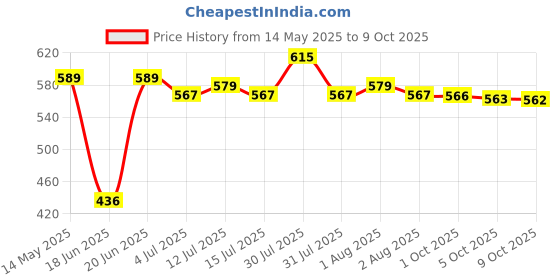 amazon.in KANGAROO Chain Lubricant Spray & Chain Cleaner Spray(500 Ml Each) And Cleaning Brush kangaroo Price History Graph from 14 May 2025 to 9 Oct 2025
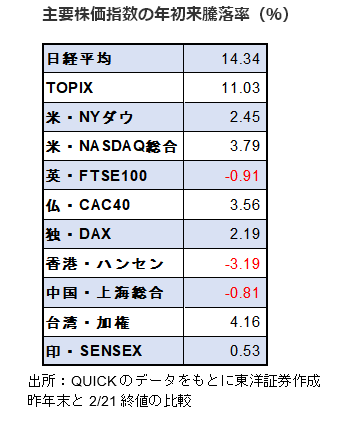 主要株価指数の年初来騰落率（％）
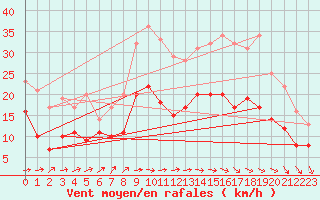 Courbe de la force du vent pour Saint-Quentin (02)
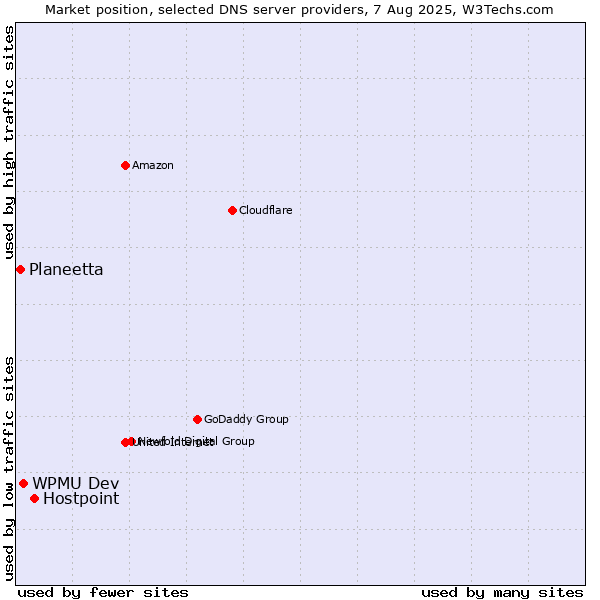 Market position of Hostpoint vs. WPMU Dev vs. Planeetta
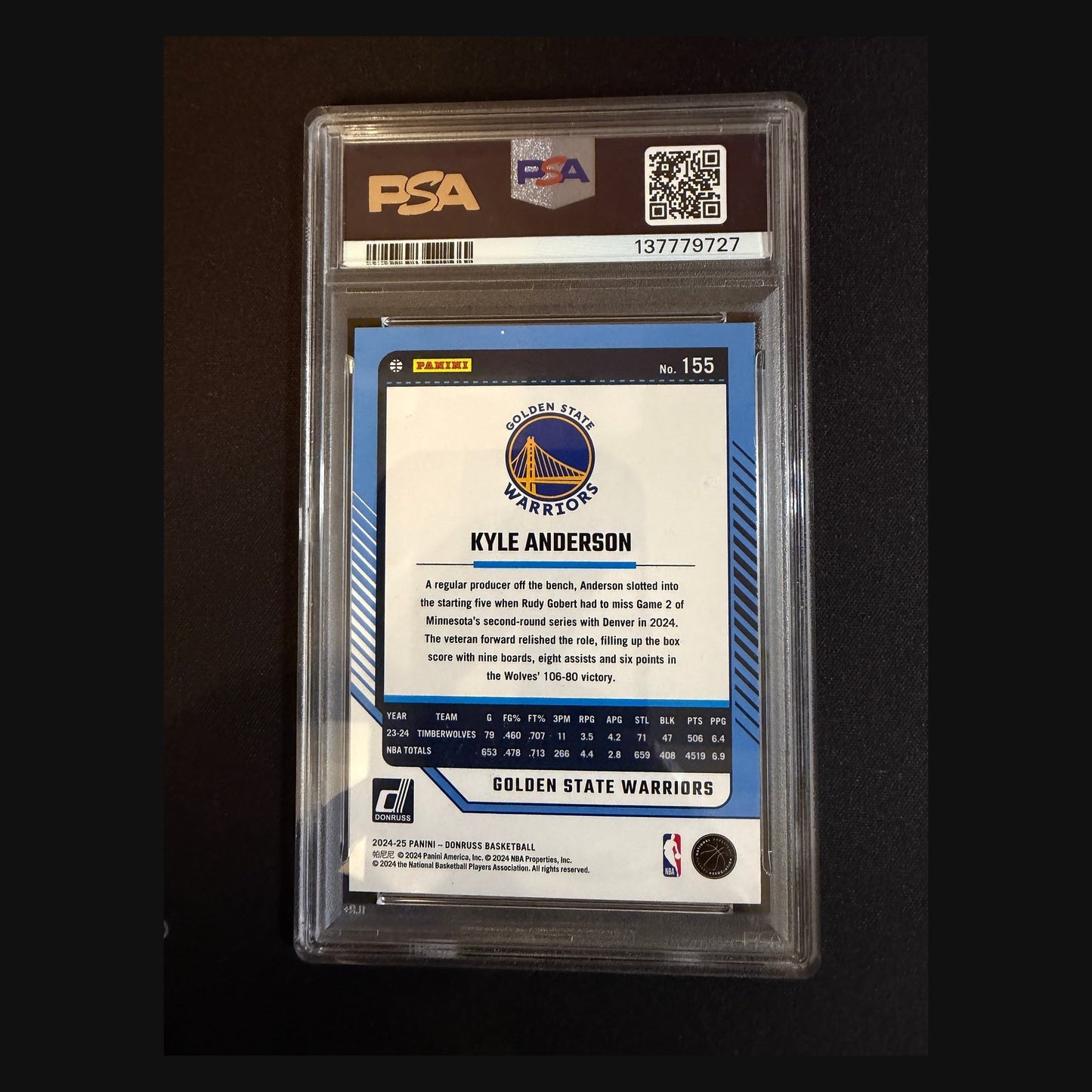 2024 Donruss Kyle Anderson PSA 9 card back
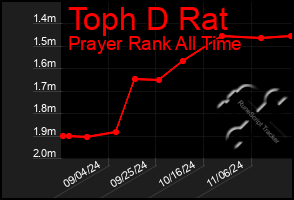 Total Graph of Toph D Rat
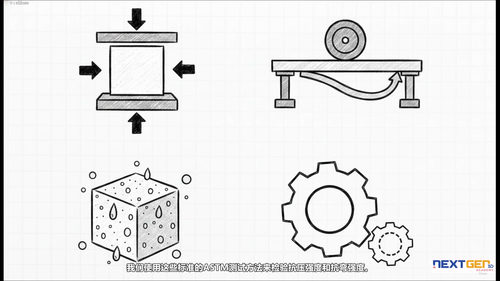 建筑粘结剂喷射3D打印技术全攻略 (英文课程中文字幕)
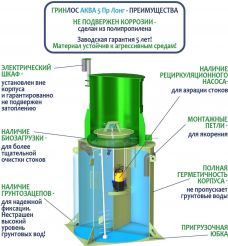 ГРИНЛОС Аква 5 Лонг
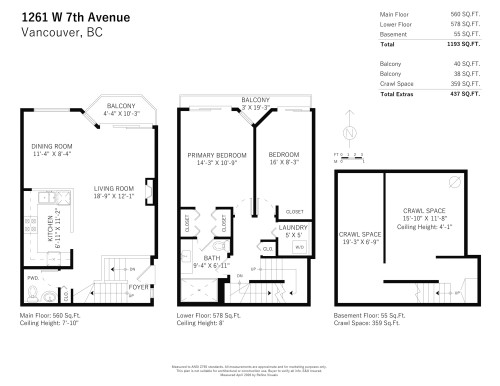 1261 7Th Avenue W, Vancouver, BC 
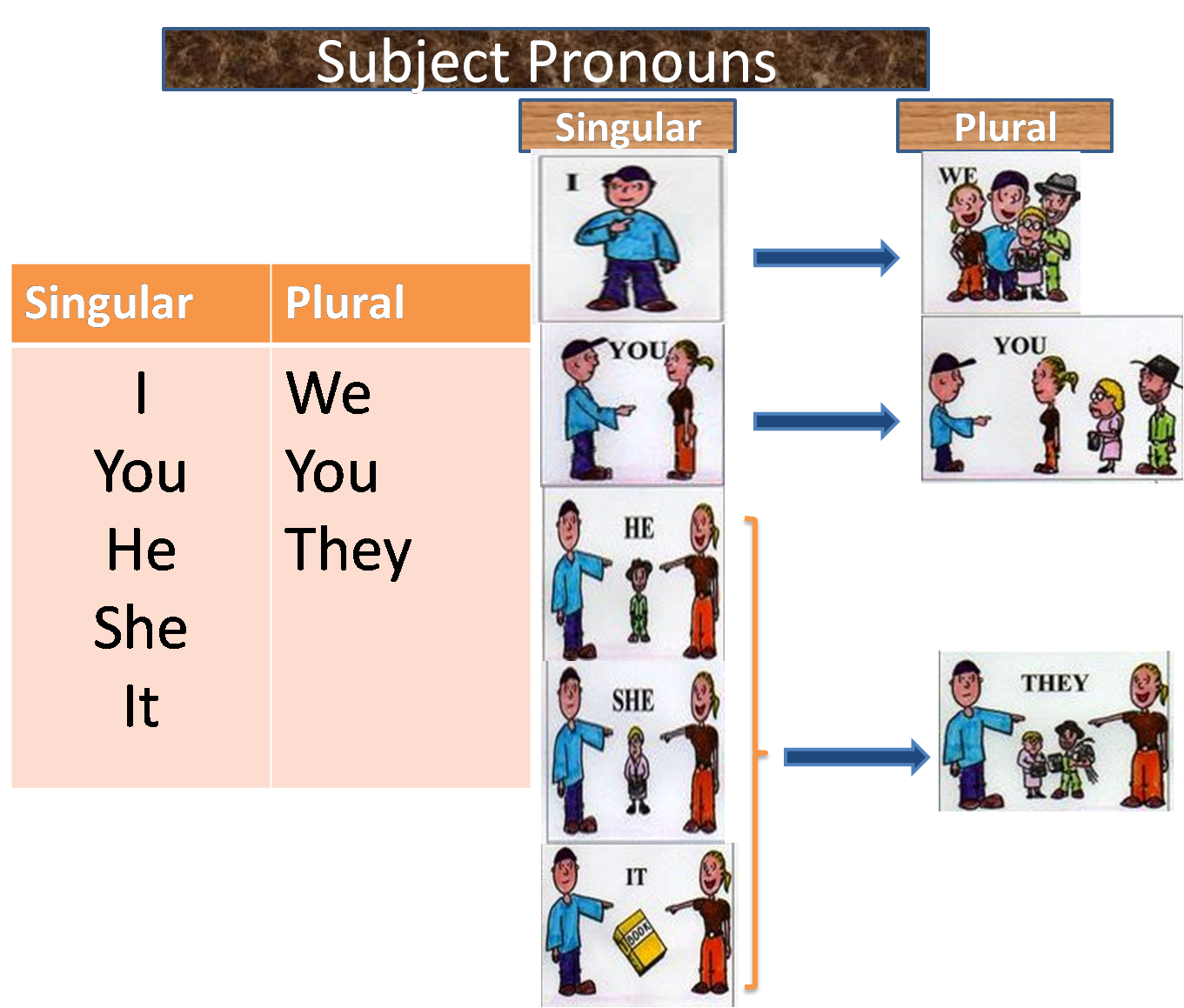 Personal pronouns таблица. Subject pronouns в английском языке. Subject pronouns правило. Упражнения на тему subject pronouns. Wordwall spotlight plurals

§

● **Work task**
Give back each entry verbatim but drop its pictures.

● **Solution for this exercise**
 amazon.in KANGAROO Chain Lubricant Spray & Chain Cleaner Spray(500 Ml Each) And Cleaning Brush kangaroo Price History Graph from 14 May 2025 to 9 Oct 2025
 主要株価指数の年初来騰落率（％）
 Courbe de la force du vent pour Saint-Quentin (02)
 Market position of Hostpoint vs. WPMU Dev vs. Planeetta
 2024 Donruss Kyle Anderson PSA 9 card back
 Total Graph of Toph D Rat
 建筑粘结剂喷射3D打印技术全攻略 (英文课程中文字幕)
 ГРИНЛОС Аква 5 Лонг
 1261 7Th Avenue W, Vancouver, BC 
 Personal pronouns таблица. Subject pronouns в английском языке. Subject pronouns правило. Упражнения на тему subject pronouns. Wordwall spotlight plurals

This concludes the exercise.